Interviews with representatives from established adventure companies including Northern Outdoors, Myths & Mountains, Alpine Ascents, and Expediciones Huaxteca suggest the following approach to price setting.

Step 1: Know Yourself

Begin first, the experts unanimously agree, with revisiting (or establishing) your vision for your company. What kind of business are you operating? What is your mission? What is your brand and quality promise? What type of clients are you aiming for?

Where does your expertise lie?

Here’s a sample profile:

Kind of Business: Soft adventure, appealing to adventure novices and families

Mission: Educate, inspire and awaken people to the beauty of nature and new cultures

Brand and Quality Promise: Safe, Reliable, Fun, Enriching Adventures for families

Desired Clients: High-end/ luxury, multi-generational, “luxury” in the sense of access to remarkable experiences

Look in particular at your quality promise. Would you characterize yourself as:

  1. Highest quality, no expense spared
  2. Value for money: good quality and prices are moderate
  3. Budget: no frills, appealing to a wide market
  4. Customer Audience: targeting intellectuals looking to engage deeply and have a learning experience, or possibly targeting more active, adventuresome trips with less cultural emphasis
Finally, examine your own expertise and assess where your expertise lies, and can be leveraged to the best advantage. Your company’s knowledge and expertise provides the foundation of your quality promise.

Then, research how you compare to similar companies. For example in the multi-generational/family category in this sample there are a number of adventure companies offering itineraries, a sample of the more well-known that a potential traveler might have on their list include:

  • Natural Habitat
  • G Adventures
  • Adventures by Disney
  • Backroads
  • Tauck
Look at the offerings from these companies and identify the differentiators for your trip.

Step 2: Itemize Fixed and Variable Costs

Next itemize the various components of your price.

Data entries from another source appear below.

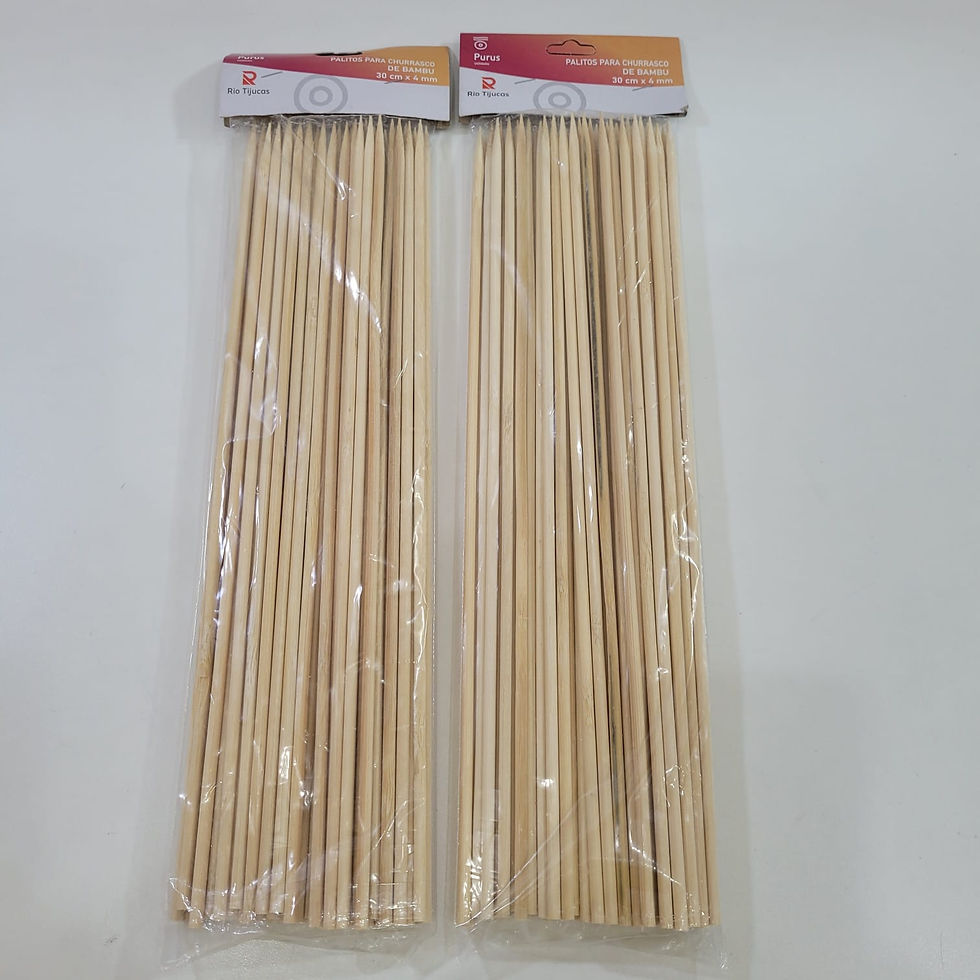 Miniatura: Palito de Bambu para Churrasco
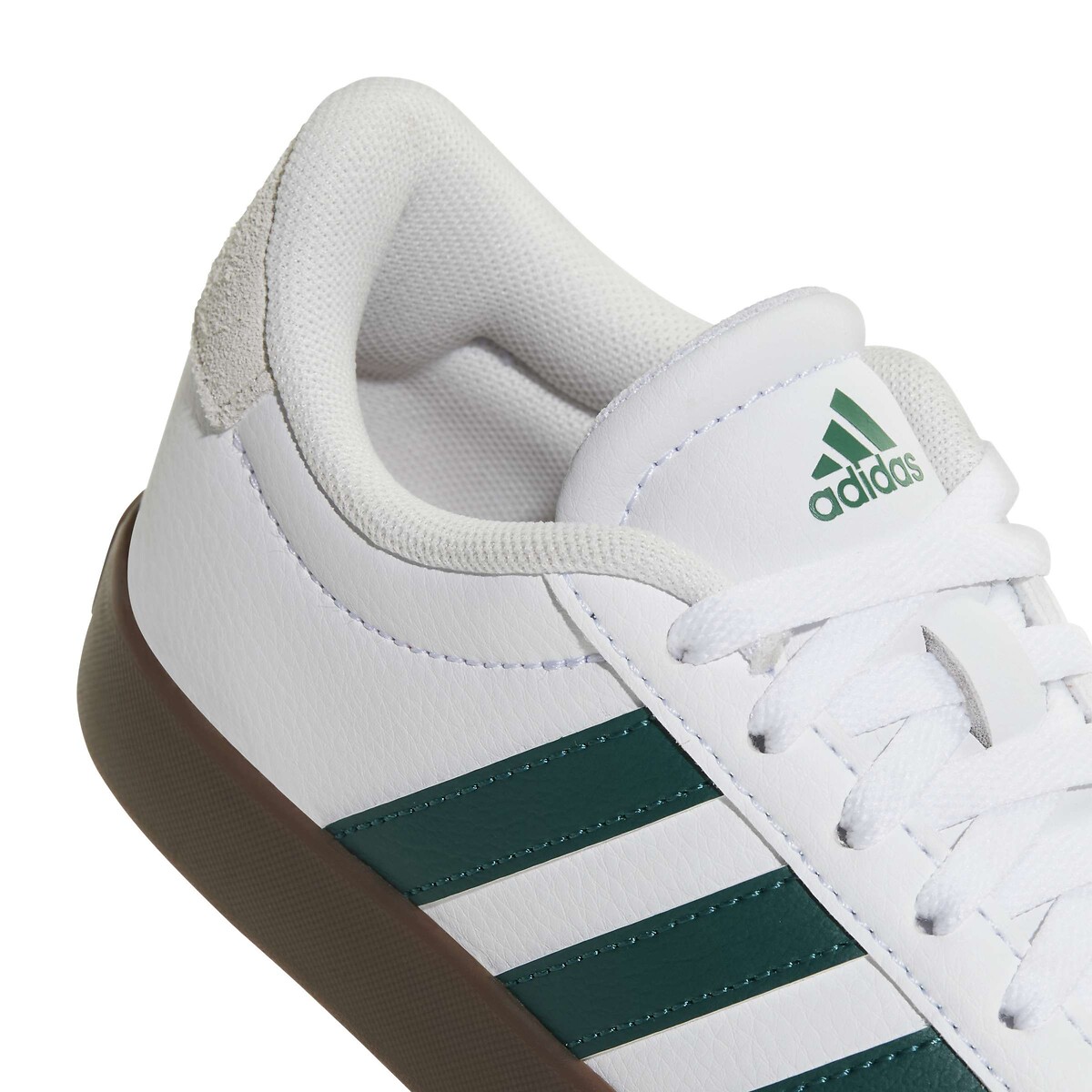 Sneaker aus Leder VL COURT 3.0 weiss/grün, ADIDAS SPORTSWEAR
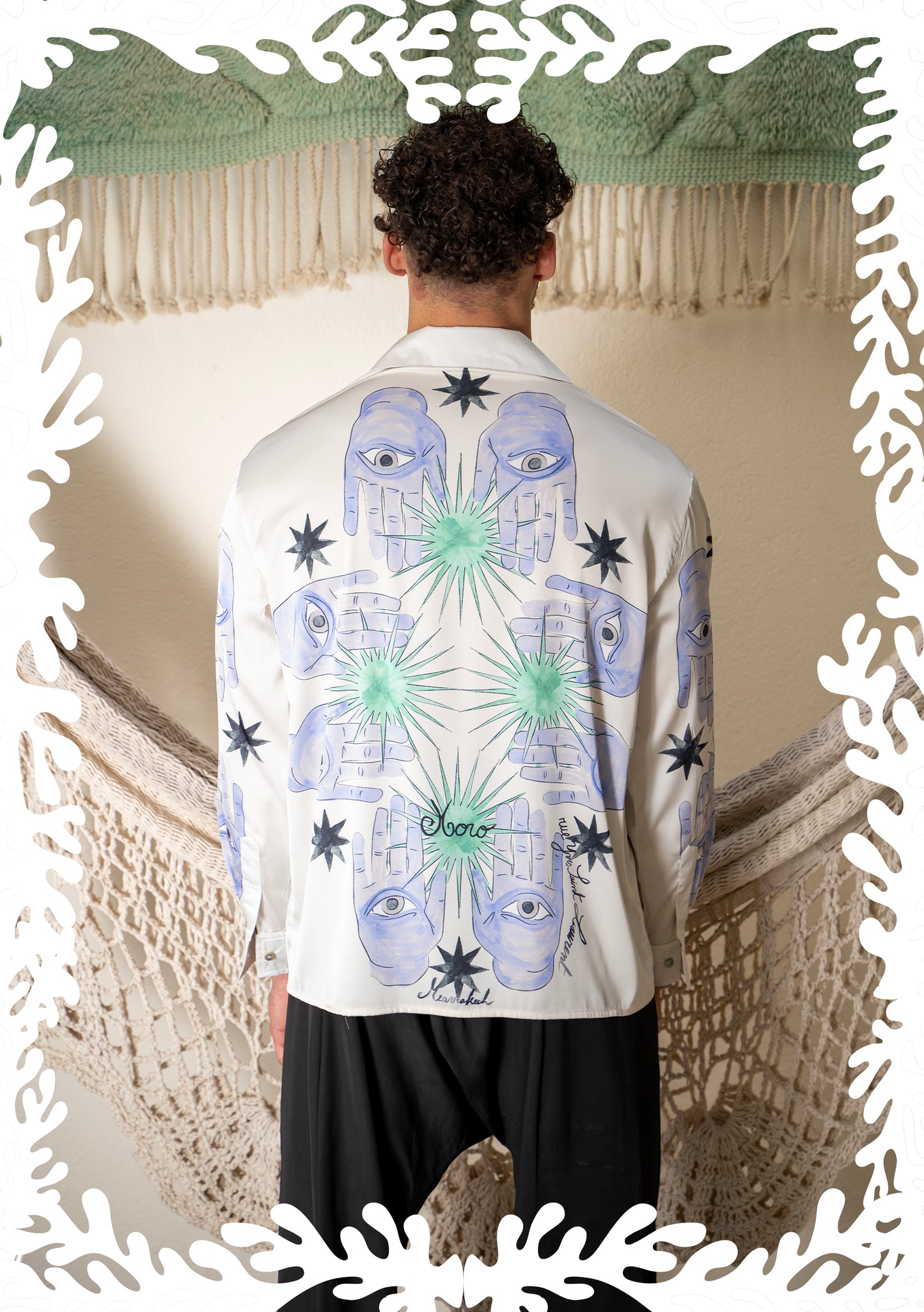 SILK PRINTED SHIRT LID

This aspect also takes into account where your trips are occurring and in different countries you may have different views of the cost structure.

You will need to itemize:

  • Fixed costs (salaries, equipment)
  • Variable costs (such as marketing)
With respect to fixed costs consider the following:
  • Salaries of employees
  • Rent
  • Heating and electric
  • Credit card charges
  • Legal expenses
  • Mailing
  • Printing
  • Marketing
As you work through the price for your trip, you must remember to include some portion of your company’s fixed costs.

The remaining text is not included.